◆ Records supplied
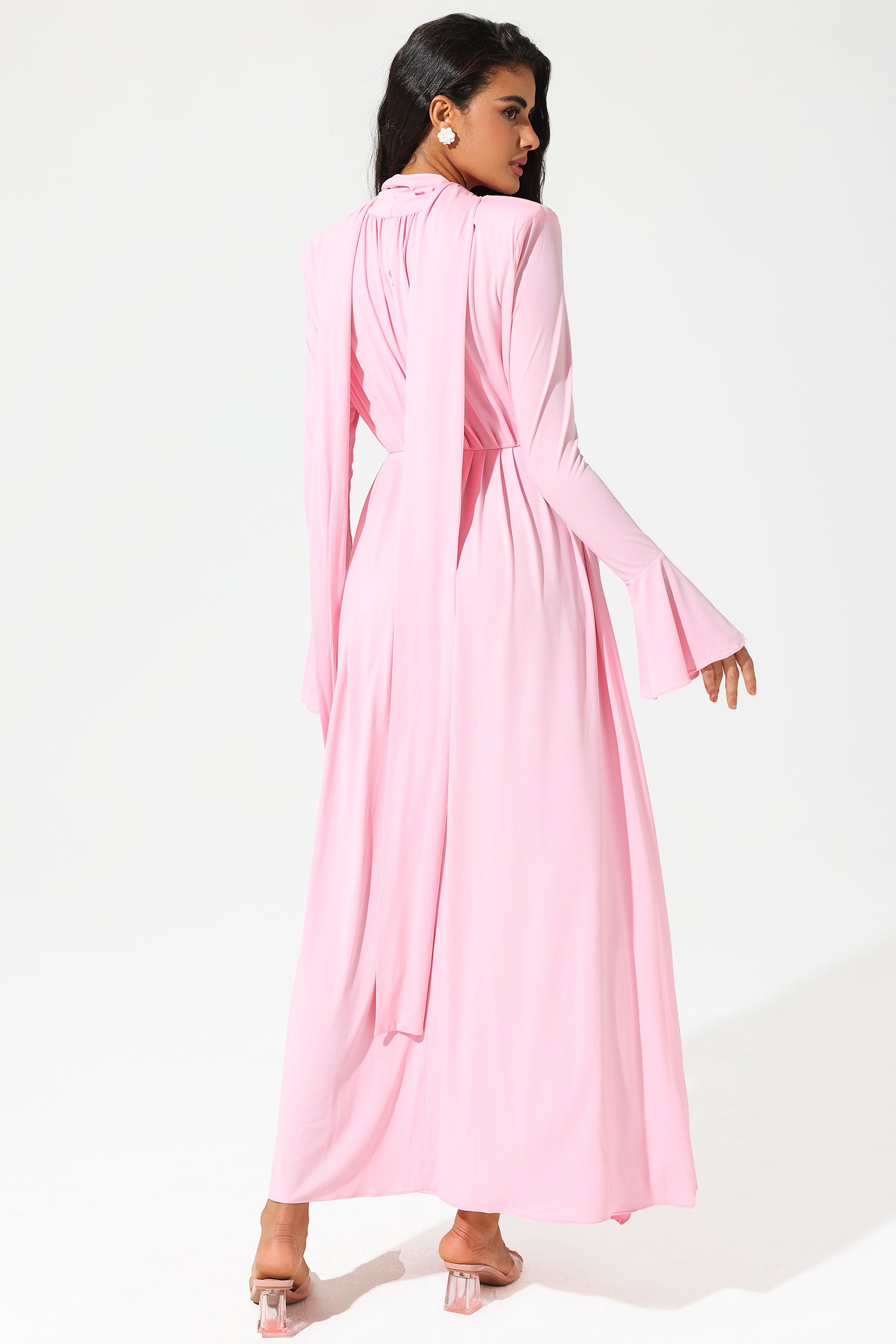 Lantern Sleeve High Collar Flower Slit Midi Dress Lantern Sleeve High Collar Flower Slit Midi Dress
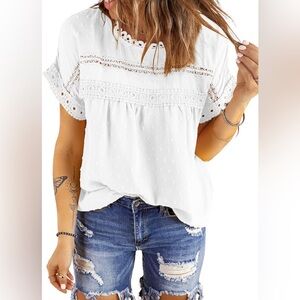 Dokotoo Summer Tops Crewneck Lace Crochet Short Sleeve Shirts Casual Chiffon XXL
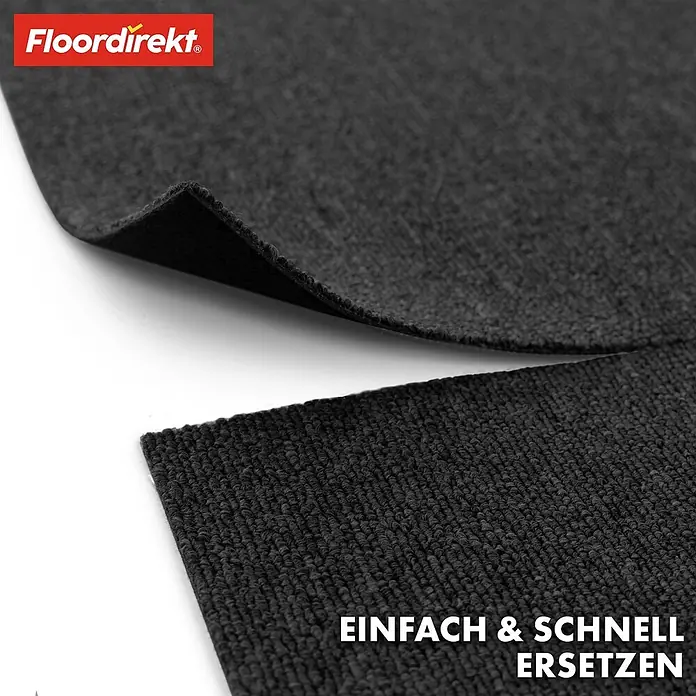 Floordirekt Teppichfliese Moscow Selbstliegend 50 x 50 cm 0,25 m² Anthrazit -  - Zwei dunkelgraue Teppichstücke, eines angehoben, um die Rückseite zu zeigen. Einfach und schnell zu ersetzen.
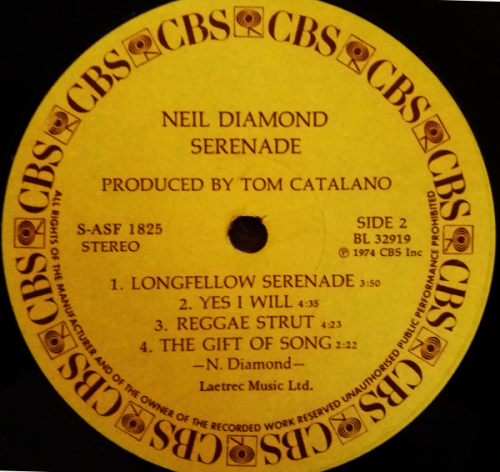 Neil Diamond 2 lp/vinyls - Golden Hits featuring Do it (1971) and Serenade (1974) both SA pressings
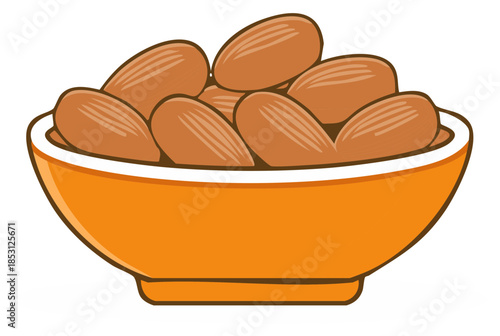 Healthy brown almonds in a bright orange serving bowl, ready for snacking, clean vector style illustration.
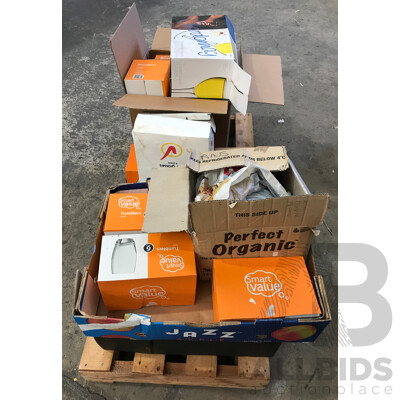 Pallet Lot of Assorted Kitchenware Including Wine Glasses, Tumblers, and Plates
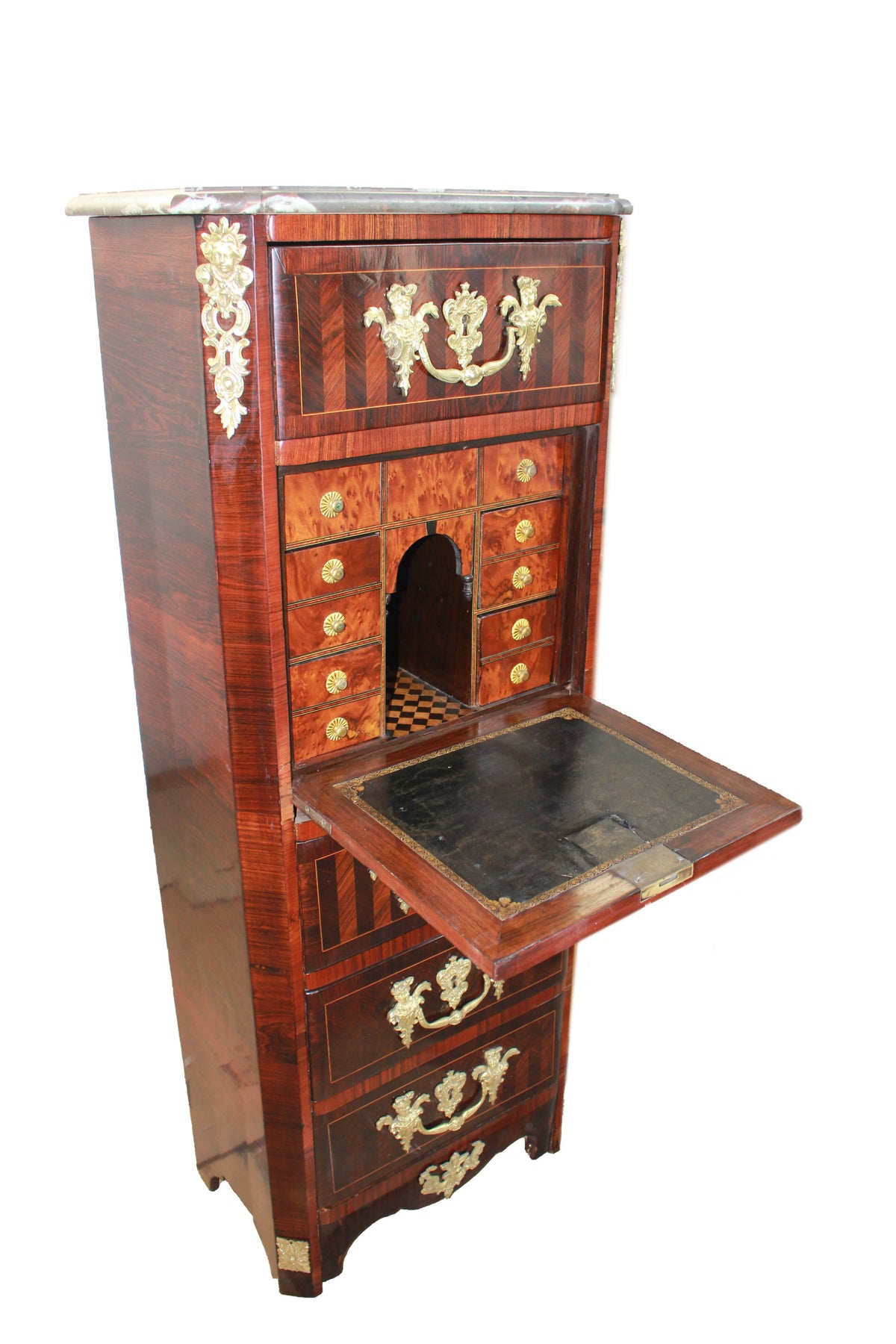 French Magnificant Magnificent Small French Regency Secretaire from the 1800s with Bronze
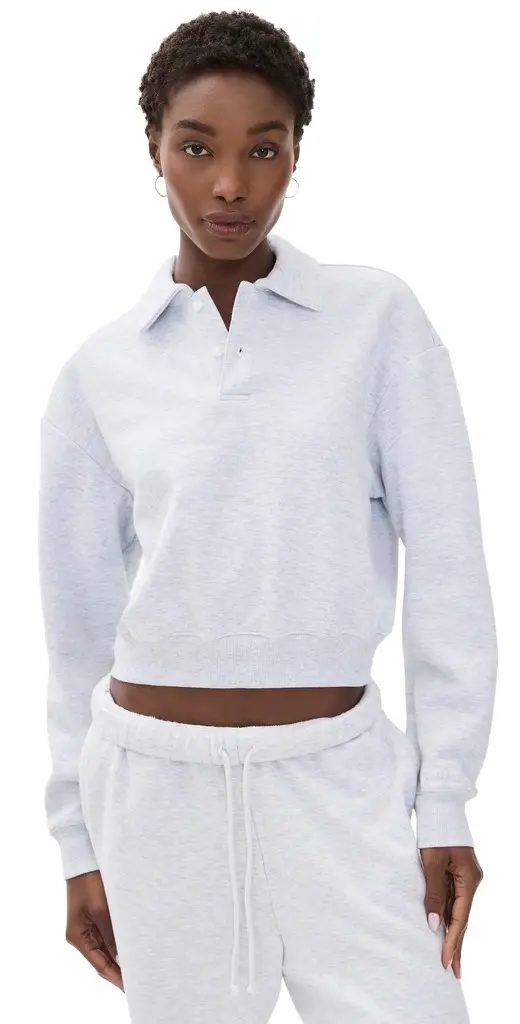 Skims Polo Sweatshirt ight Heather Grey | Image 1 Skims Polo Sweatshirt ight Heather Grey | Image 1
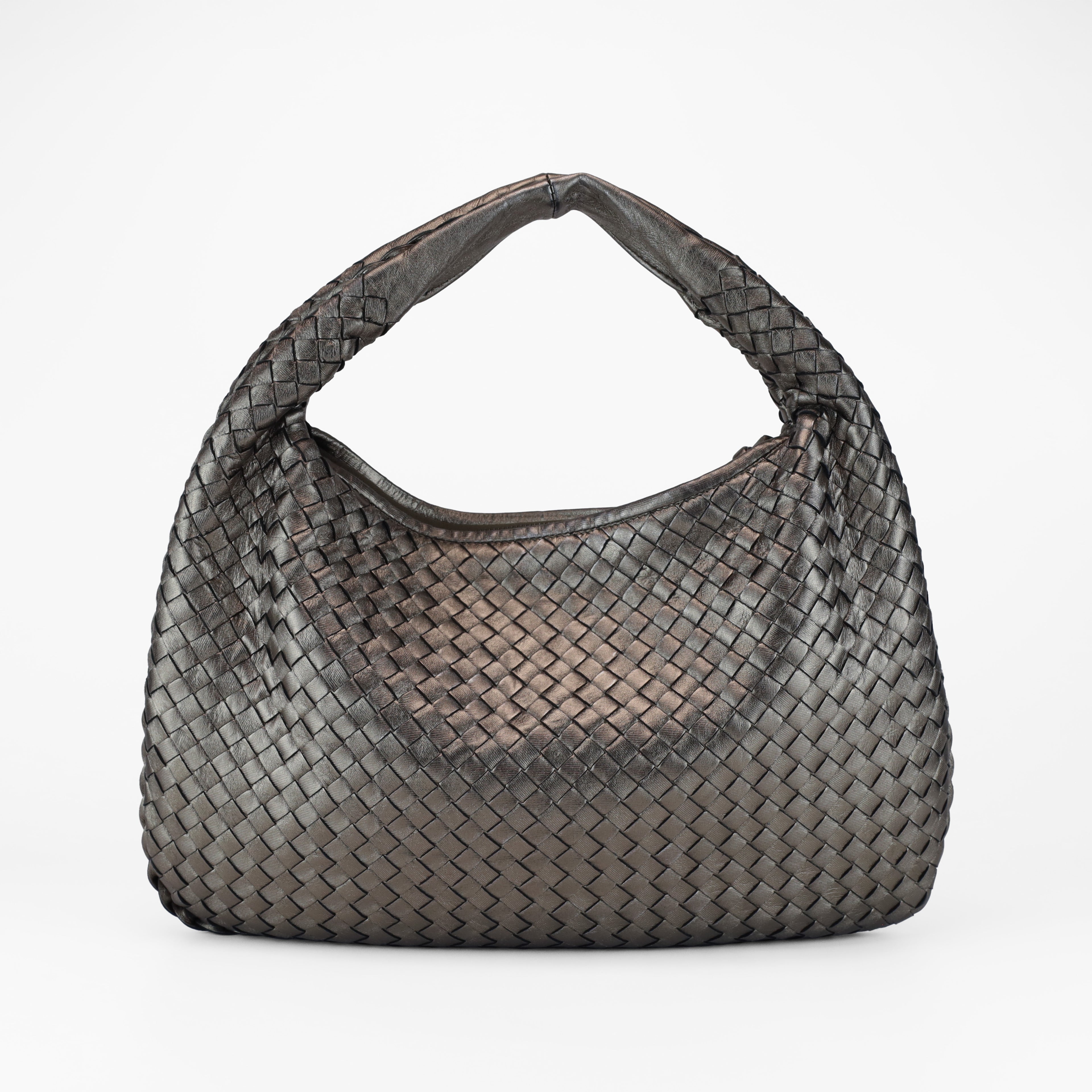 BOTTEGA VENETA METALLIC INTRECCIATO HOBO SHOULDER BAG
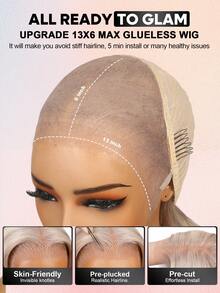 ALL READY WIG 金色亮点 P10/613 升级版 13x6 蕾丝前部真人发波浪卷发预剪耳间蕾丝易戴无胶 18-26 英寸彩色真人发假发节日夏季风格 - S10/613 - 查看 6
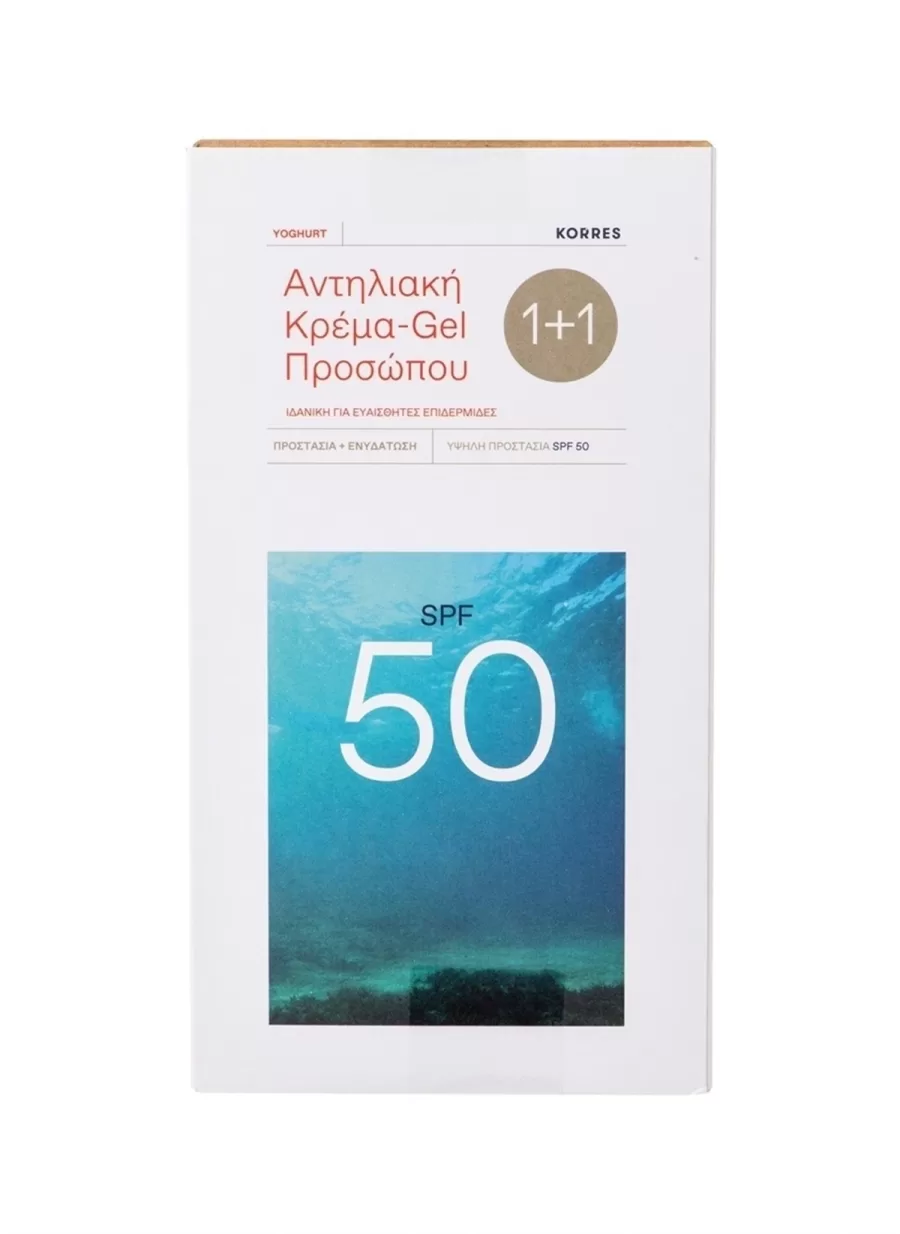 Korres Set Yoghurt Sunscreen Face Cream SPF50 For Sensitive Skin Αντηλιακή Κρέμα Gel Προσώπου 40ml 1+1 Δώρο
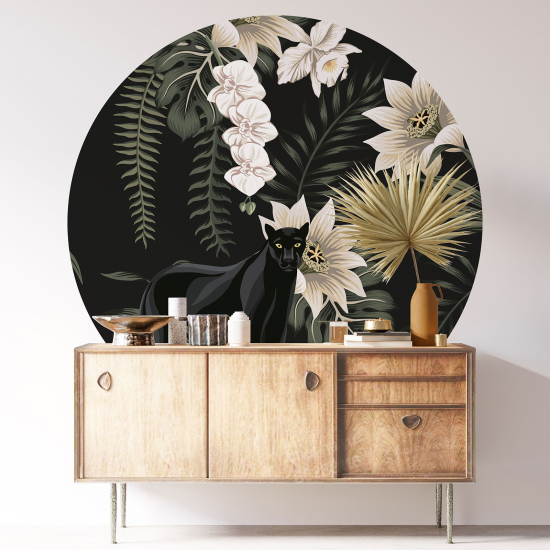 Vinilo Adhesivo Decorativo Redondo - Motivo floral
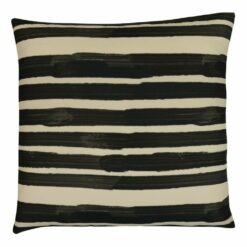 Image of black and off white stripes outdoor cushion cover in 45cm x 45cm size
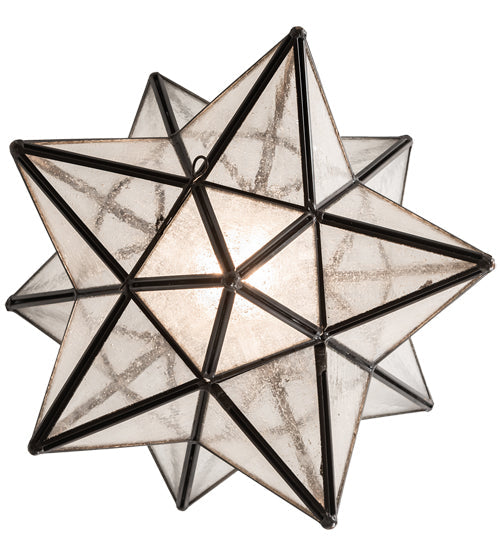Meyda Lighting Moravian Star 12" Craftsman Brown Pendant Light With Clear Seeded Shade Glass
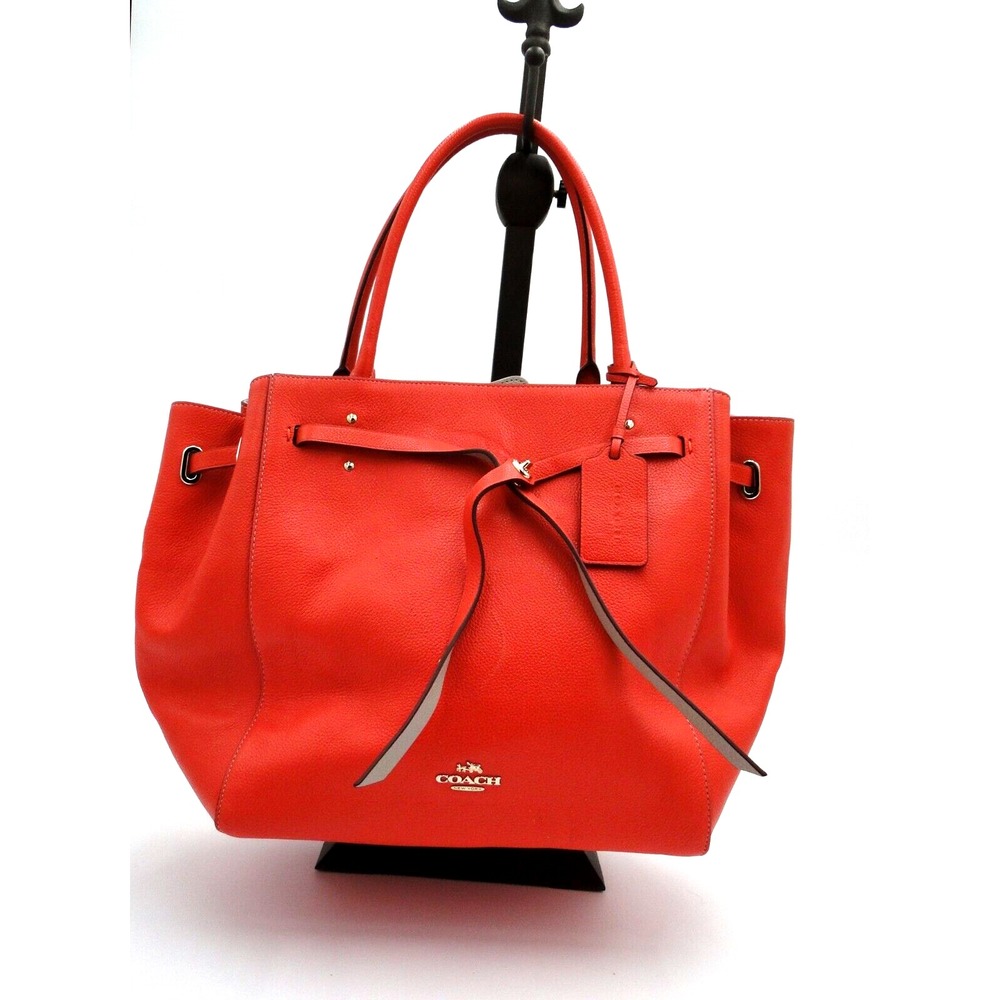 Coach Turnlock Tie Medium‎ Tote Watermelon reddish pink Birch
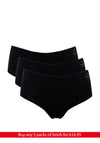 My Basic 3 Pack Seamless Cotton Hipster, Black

◆ Problem description
To complete this exercise, transcribe exactly the lines above from the one that holds "Neil Diamond 2" through the one that holds "Image of black". Pictures stay out.

◆ Answer section
 Neil Diamond 2 lp/vinyls - Golden Hits featuring Do it (1971) and Serenade (1974) both SA pressings
 Healthy brown almonds in a bright orange serving bowl, ready for snacking, clean vector style illustration.
 Pallet Lot of Assorted Kitchenware Including Wine Glasses, Tumblers, and Plates
 French Magnificant Magnificent Small French Regency Secretaire from the 1800s with Bronze
 Skims Polo Sweatshirt ight Heather Grey | Image 1 Skims Polo Sweatshirt ight Heather Grey | Image 1
 BOTTEGA VENETA METALLIC INTRECCIATO HOBO SHOULDER BAG
 ALL READY WIG 金色亮点 P10/613 升级版 13x6 蕾丝前部真人发波浪卷发预剪耳间蕾丝易戴无胶 18-26 英寸彩色真人发假发节日夏季风格 - S10/613 - 查看 6
 Korres Set Yoghurt Sunscreen Face Cream SPF50 For Sensitive Skin Αντηλιακή Κρέμα Gel Προσώπου 40ml 1+1 Δώρο
 Vinilo Adhesivo Decorativo Redondo - Motivo floral
 Image of black and off white stripes outdoor cushion cover in 45cm x 45cm size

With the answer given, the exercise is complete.